I'm documenting how to lock things down using the built-in XP tools, and I
may try my hand at making a simple user-interface for it later.....after I
work out exactly how it works.

BTW, I work with users at 9 different small businesses (will be 10 starting
this week) as their System Administrator (or "computer guy"), and they tell
me that applications (like Tea Timer, RegProt and even McAfee's Firewall)
that pop-up warnings mostly cause more confusion because they don't know
whether they should allow an application to continue or not. Most of the
confusion comes from the cryptic names given to the executables that are
shown to the users.

These are USERS. They don't know that MS has services that need access to
the network through MacAfee's firewall. "And what the hell is a service
anyway," one of them asked me the other day. Sometimes I don't even
recognize the app that is asking for access to whatever.

What we need is simplification. We need to dumb that crap down so that I
can still do it right with a head-cold and 2 shots of Nyquil in me.

Why don't all major code publishers use certificates to identify themselves
give a title/description of their app that any user can understand? The
simple fact is that most people don't give a rat's ass about learning how
the computer and security work. They just want to play a game, or build a
house, or balance their checkbook. So how could we make this easier for
them? I have an idea.......but it needs some more fleshing out first.

Thanks for your help!

Jim Hubbard

 

[Malke]

Thanks to Will, Michael and HillBillyBuddhist for their pointers.

The solution I had was a $60 PCI card that locks down the C:
partition. And, it REALLY locks it down.

For example.....if you change the default fonts of an application, or
you change the return email address in Outlook, all works fine until
you reboot. Upon rebooting, all of your changes are gone.

(snip)

Consider using DeepFreeze on business systems.

Malke

 

[Jim Hubbard]

I can't find a place to download it.

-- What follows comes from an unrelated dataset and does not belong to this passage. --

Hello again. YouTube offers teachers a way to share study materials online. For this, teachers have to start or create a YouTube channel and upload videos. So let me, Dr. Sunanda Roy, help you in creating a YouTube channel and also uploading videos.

Got any suggestions?

 

[Kelly]

Download what, Jim?

 

[Torgeir Bakken \(MVP\)]

I can't find a place to download it. Got any suggestions?

Hi

DeepFreeze is avaialble here:

http://www.faronics.com/

 

[David Senior [MVP - Most Vulgar Person]]

The answer is NO to your questions. However, you could create Limited Accounts so that the damage is limited. Also, these limited Accounts can be deleted and new ones created periodically in their place. Limited Accounts cannot bring the system down unless Uncle Bill has got his marbles mixed up!

Also, install SP2 the Wonder Drug which Uncle Bill is trying hard to install on 100m machines worldwide. Apparently, he has succeeded in installing on about 20m machines so you could help him achieve his targets.

Also, regularly use Nortons Utilities (NU) which can scan for erroneous entries in your registry. Spywares are a classic example which don't make links properly to avoid detection. NU will smoke them out like American bombers did to Bin Ladden in Tora Bora Mountains!!! I am assuming you are wiser than Uncle Bill in that you are using some form of Anti-Virus software which can update itself automatically. May I suggest that you delegate this laborious work to Symantec who is using cheap labour from Romania & Hungary!

Hope this helps.

Can you move the registry to another partition?

Can you move portions of the registry to another partition?

Can you lock down the registry or portions of it to prevent changes?

--
I use non Microsoft products wherever possible which requires no activation.

I use Netscape 7.2 as my default browser which has everything I need for my work.

I believe in good Financial Management!! I do not believe in enriching rich jerks!